Whether you’re looking for a quick bite of information or want to drop some knowledge on your dinnertime companions, here’s our Featured 5 of the Week!
‘Seaspiracy,’ the new Netflix documentary highlights some major issues in the sustainable seafood industry. It made us think… can we trust any of our seafood? The answer is yes, but the process may require a few more steps. Here’s how you can do it!
1. Farmed vs. Wild-Caught
We always thought that wild-caught was more sustainable. However, that’s not the case. Sustainably managed farmed fish can be the best for our planet and our wallets. This is also the only way to ensure that the type of fish you’re buying is actually what you’re paying for. Otherwise, the wild-caught cod you’re buying could be flounder or something totally different.

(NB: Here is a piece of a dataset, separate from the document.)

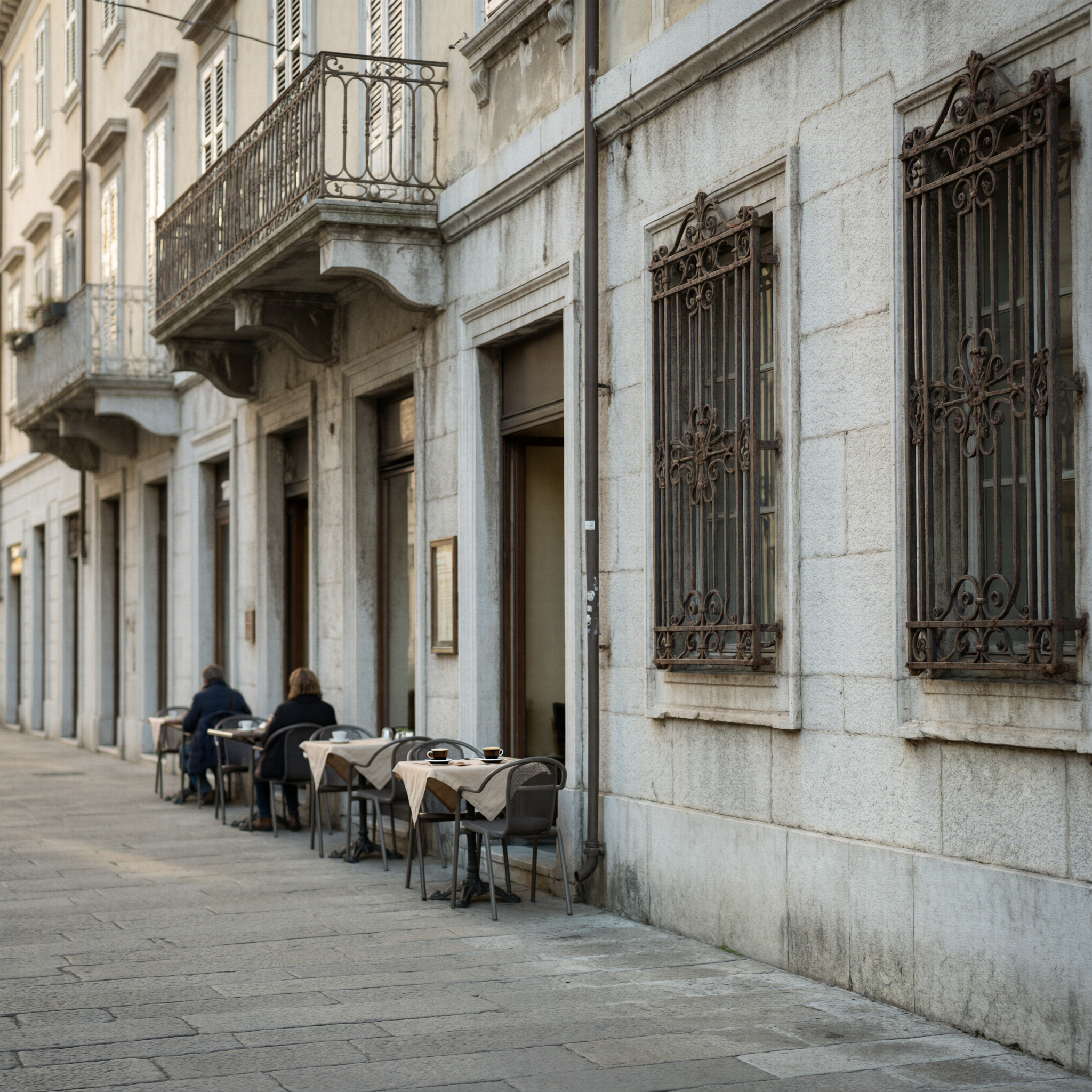 Trieste Coffee Culture Insights 3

2. Check where it’s coming from
Where your seafood is raised or caught matters, so do your research. Aside from the safety of fish farms, some countries have more sustainability measures than others, and their codes of conduct are much more strict. We found this guide from Monterey Bay Aquarium’s Seafood Watch project to give you a good idea of where is best for which type of seafood.
3. Check the label
We say this all the time. Always check the label and make sure it’s reputable before purchasing. Many non-government organizations, or NGOs, like to slap on random labels to mark up the price of our food. For example, adding gluten-free products that naturally don’t contain any gluten just to charge more. So, when it comes to seafood, look for these things:
- A government department on the label
- A reputable country that has sustainable seafood practices
- A grade or indication (for example, “Prime” beef, or USDA “Organic”)
4. Where you buy your seafood matters
Although some retailers may have lower prices on seafood, this is where you can run into issues on being misled. First and foremost, if the grocer is selling U.S. -farmed seafood, chances are it’ll be seafood that’s been sustainably produced because the U.S. is a leader in global sustainable and responsibly managed fisheries. But, sometimes, U.S. -farmed seafood can be hard to find, especially since most aquaculture production is done in China and Southeast Asia.
5. Do your research
When in doubt, research it out. You can never be too safe when feeding fresh, secure, and sustainably produced food to your family, and seafood is no different. If you prefer to eat only wild-caught seafood, this step is crucial. Know where your seafood is coming from, and make sure the labels are reputable.
Wild-caught Alaskan seafood is always a good choice. They feel it’s their duty to maintain the pristine conditions of their oceans and limit overfishing and bycatch. However, this option can get pretty expensive. Also, don’t buy seafloor captures, like trawls, seines, and dredges, because they can be dangerous to marine life.
The Bottom Line
Buying sustainably produced seafood is not impossible, no matter what ‘Seaspiracy’ leads you to believe. Just follow these five simple steps and always do our research whenever you want to buy fish, even in a restaurant.